Passando all’esame del secondo motivo, si osserva che lo stesso è infondato in quanto il Tribunale, pur dando atto che l’istanza di riesame riguardava soltanto il profilo delle esigenze cautelari, ha valutato altresì la questione della sussistenza della gravità indiziaria, riportandosi sul punto alle argomentazioni contenute nell’ordinanza applicativa della misura cautelare.

Si osserva a tal proposito che, secondo la giurisprudenza di questa Corte (cfr, tra le altre, Cass. Sez. 4, Sent. n. 16886 del 20.1.2004, Rv. 227942), al giudice dell’impugnazione è consentito motivare "per relationem" purchè egli si attenga al rispetto di criteri specifici in ossequio ai quali: 1) ogni riferimento risulti ad un atto legittimo del procedimento la cui motivazione sia congrua per rapporto alla propria "giustificazione" verso il provvedimento finale; 2) il decidente sia pienamente a conoscenza delle ragioni del provvedimento di riferimento e risulti che le ritenga coerenti alla propria decisione e le condivida; 3) risulti che l’atto di riferimento sia conosciuto dall’interessato o almeno a lui ostensibile. Correttamente pertanto, nella fattispecie de qua, i Giudici del riesame si sono riportati "per relationem" all’ordinanza applicativa della misura cautelare.

Parimenti infondati sono gli ulteriori motivi di ricorso, in quanto il Tribunale con una motivazione adeguata e congrua ha indicato le ragioni per cui sussistevano le esigenze cautelari di cui all’art. 273, comma 1, lett. a) e c), nonchè i motivi per cui la misura della custodia in carcere appariva la sola adeguata a soddisfarle.

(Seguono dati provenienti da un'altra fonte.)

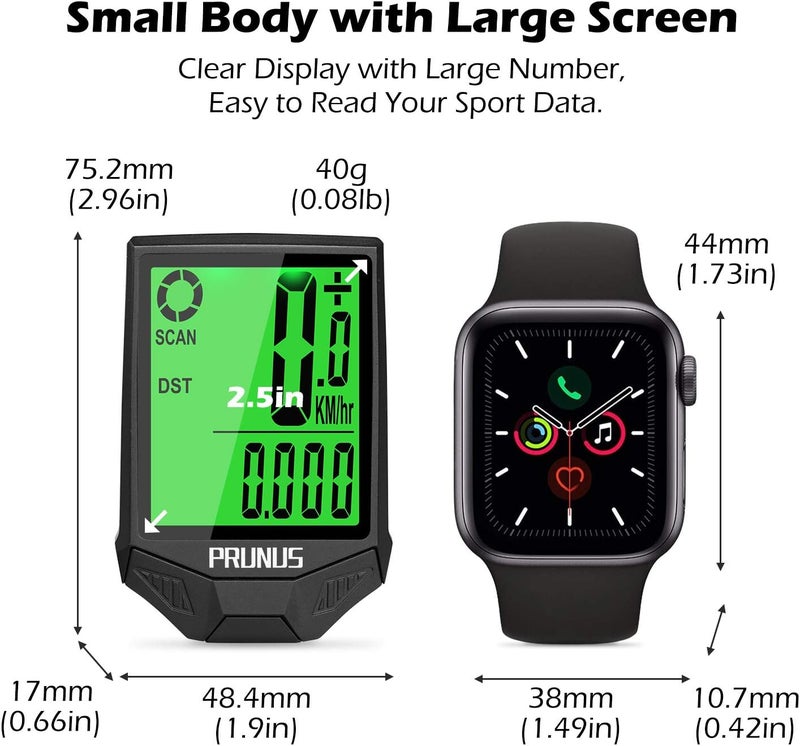 PRUNUS Bike Speedometer and Odometer Wireless Waterproof Bicycle Computer with Touch Sensor Switch, Big Digital LCD Screen, Automatic Wake-up for Outdoor MTB Road Cycling and Fitness… - Image 4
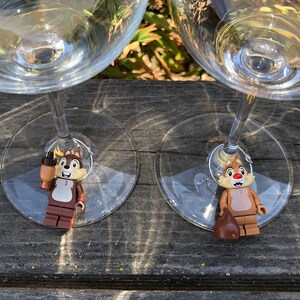 Chip & Dale - Disney + Lego Wine Glass Charms Set of 2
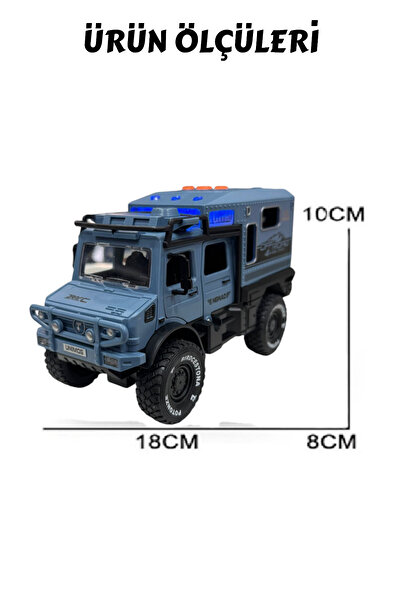 YILDIRIM OYUNCAK Sürtmeli Işıklı Müzikli Lüks Off Road Karavan Açılabilir Kapılar 18 cm-Müzikli Of Road Karavan Araba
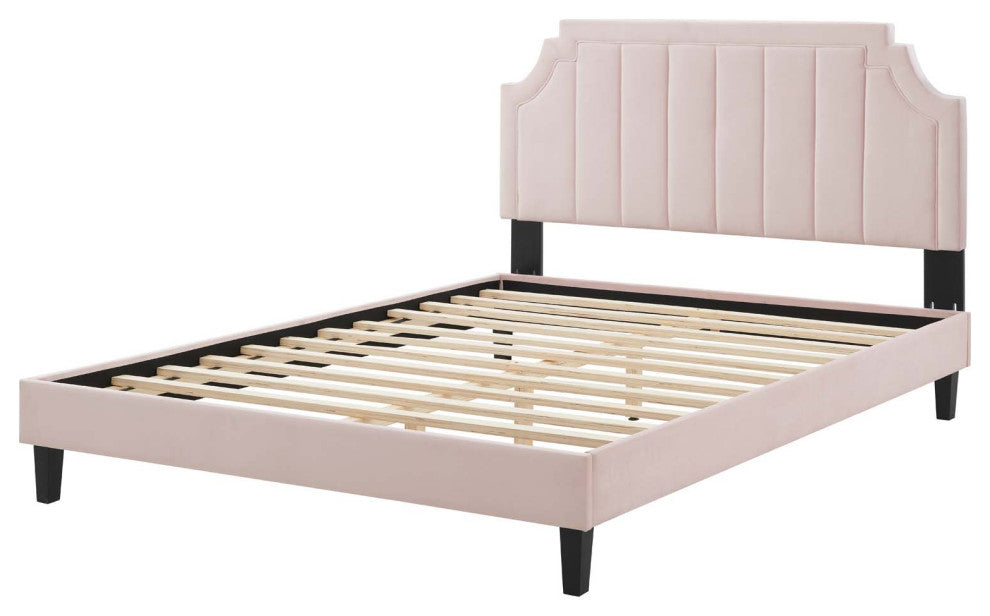 Platform Bed Frame, Twin Size, Velvet, Pink, Modern Contemporary, Bedroom Master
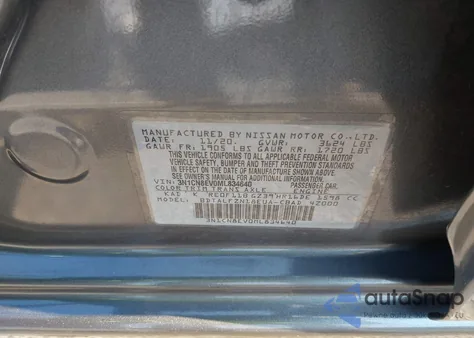 2021 Nissan Versa Sv z USA, uszkodzony, nr VIN 3N1CN8EV0ML834640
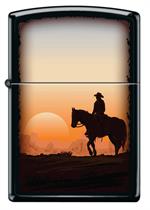 Cowboy Sunset Black Matte Zippo Lighter Image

Rilevava infatti il provvedimento impugnato che il C. era stato trovato in possesso di una ingente quantità di sostanza stupefacente e da ciò si poteva desumere che egli fosse in contatto con organizzazioni criminali dedite al traffico di stupefacenti; che egli era infine gravato da due precedenti specifici. In considerazione di tali fatti il Tribunale del riesame riteneva che sussistesse un fondato pericolo di recidiva e che la misura della custodia in carcere fosse l’unica in grado di assicurare l’assenza di contatti del C. con i clienti e i fornitori, al fine di evitare oltre al pericolo di reiterazione di analoghe condotte, anche il pericolo di inquinamento probatorio.

Il ricorso deve essere pertanto rigettato e il ricorrente condannato al pagamento delle spese processuali.
P.Q.M.

Rigetta il ricorso e condanna il ricorrente al pagamento delle spese processuali.

La Corte dispone inoltre che copia del presente provvedimento sia strasmesso al direttore dell’istituto penitenziario competente perchè provveda a quanto stabilito dall’art. 94 disp. att. c.p.p., comma 1 ter.

Così deciso in Roma, il 13 giugno 2012.
Testo non ufficiale. La sola stampa del bollettino ufficiale ha carattere legale.